June 2022

Insta-Hacked

I like to think of myself as being rather geekily inclined.  Certainly I’m no stranger to hacks and people doing surreptitious things online.  Even so, I managed to become a victim of the latest (and not so greatest) hack that’s being perpetrated on Instagram in the past few months.

In the hack, someone asks for your assistance in ‘getting their account back’, or manages to dupe you into accepting a text message from them, that includes a link.  What you’re unaware of (and they usually tell you several times NOT to click on it) is that the link they’re sending you is a password reset of YOUR account, not theirs.  While you’re being distracted by their claiming (after you screenshot the link and copy it to them via Instagram) that nothing is yet happening, either they or someone they’re working with are behind the scenes, logging into your account and kicking you out.  Instagram almost wholly allows them to do this, because they’re utilizing a security process whereby under normal circumstances you can get back into your account if you somehow locked yourself out by processes that might be completely innocent.  Once they’ve gained access, they then change your password, change your email address and then to add insult to injury, enable the two-step verification, making it nearly impossible for you to legitimately regain access to your account.

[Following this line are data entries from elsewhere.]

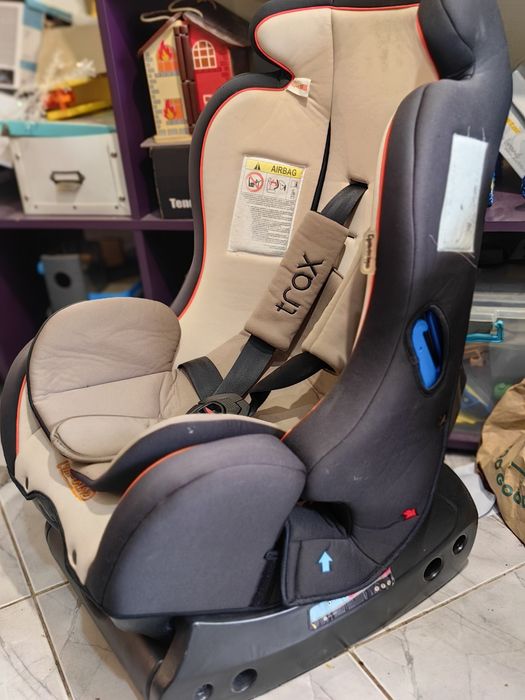 Chippolino Trax Neo 0-25 kg  Столче за кола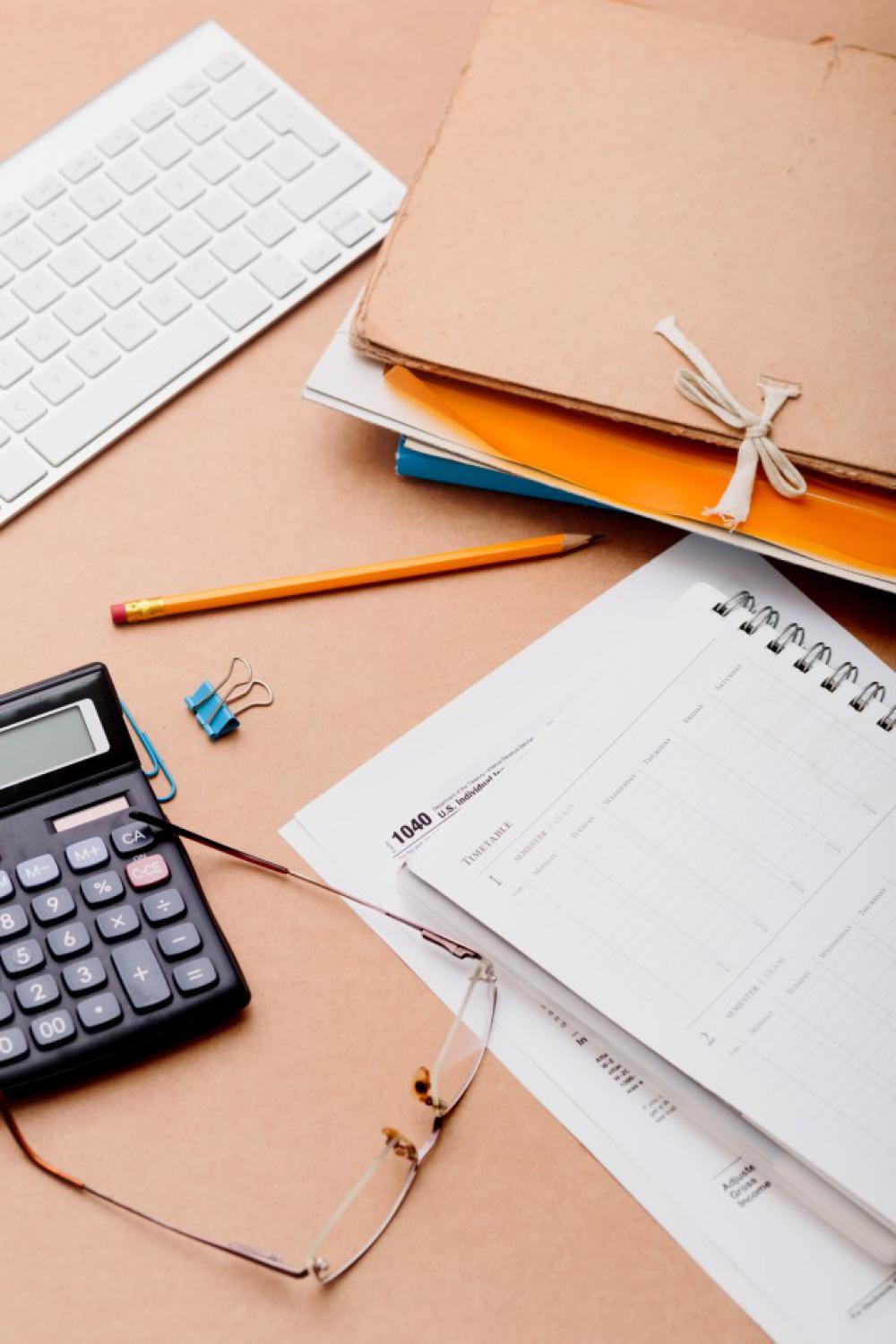 Time to fill individual income tax form Time to fill individual income tax form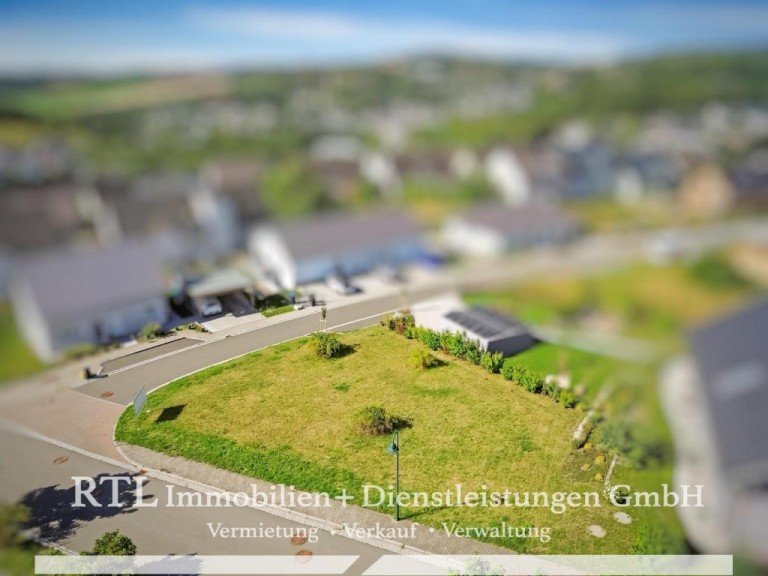 Grundst�cksansicht Bad Lobenstein Grundst�ck Baugrundst�ck in bester Lage von Bad Lobenstein!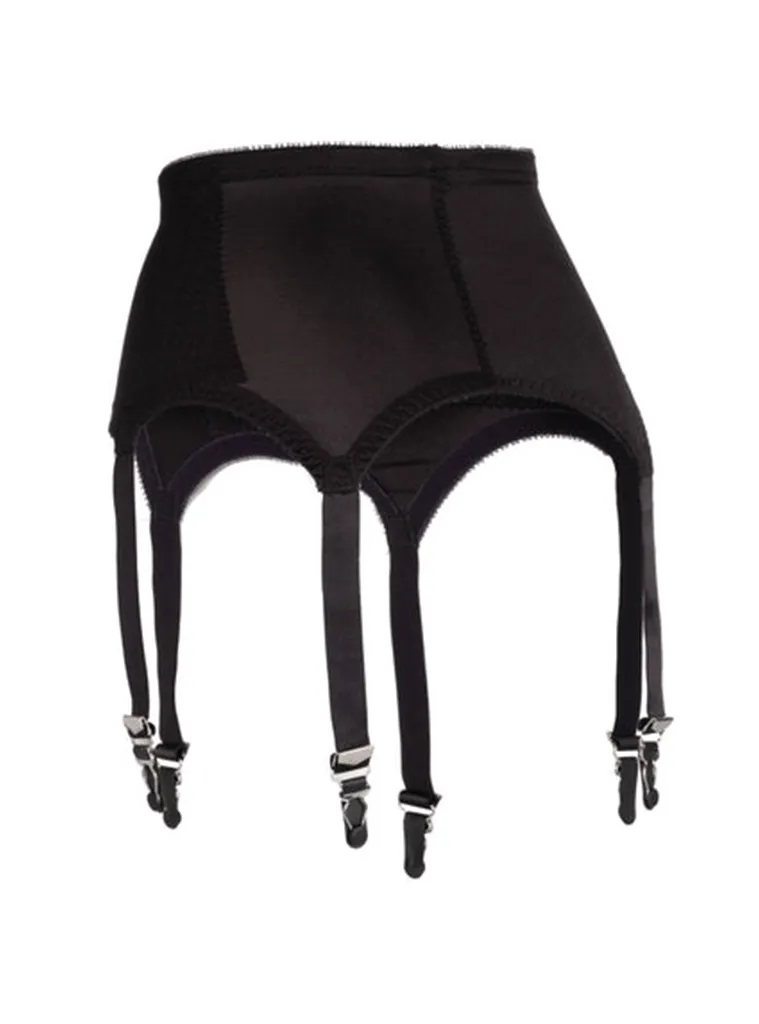 Final Sale Clearance Rago Extra Firm 6 Strap Garter Belt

So, this is what happened to me.  It was this past Saturday, I was getting ready for work and not paying attention.  Too, I was on my tablet, which doesn’t have email access, and the hackers lucked into a perfect situation.  Someone on my followers list (I’m not going to list the account here, as it wasn’t her but they perpetrating the hack) messaged and said innocently enough ‘Can you do me a favor?  I’ve been locked out of my main account and need assistance getting back in.  Instagram isn’t being helpful.’  Which as we will learn later, is all too often the case.  Instagram, being a program under the umbrella of Meta, doesn’t have what one would call a customer service system.  They do, but not to you and me.  IF I had millions of followers and this happened, they’d be falling all over themselves to assist.  Me, with my measly 300+ followers, no such luck.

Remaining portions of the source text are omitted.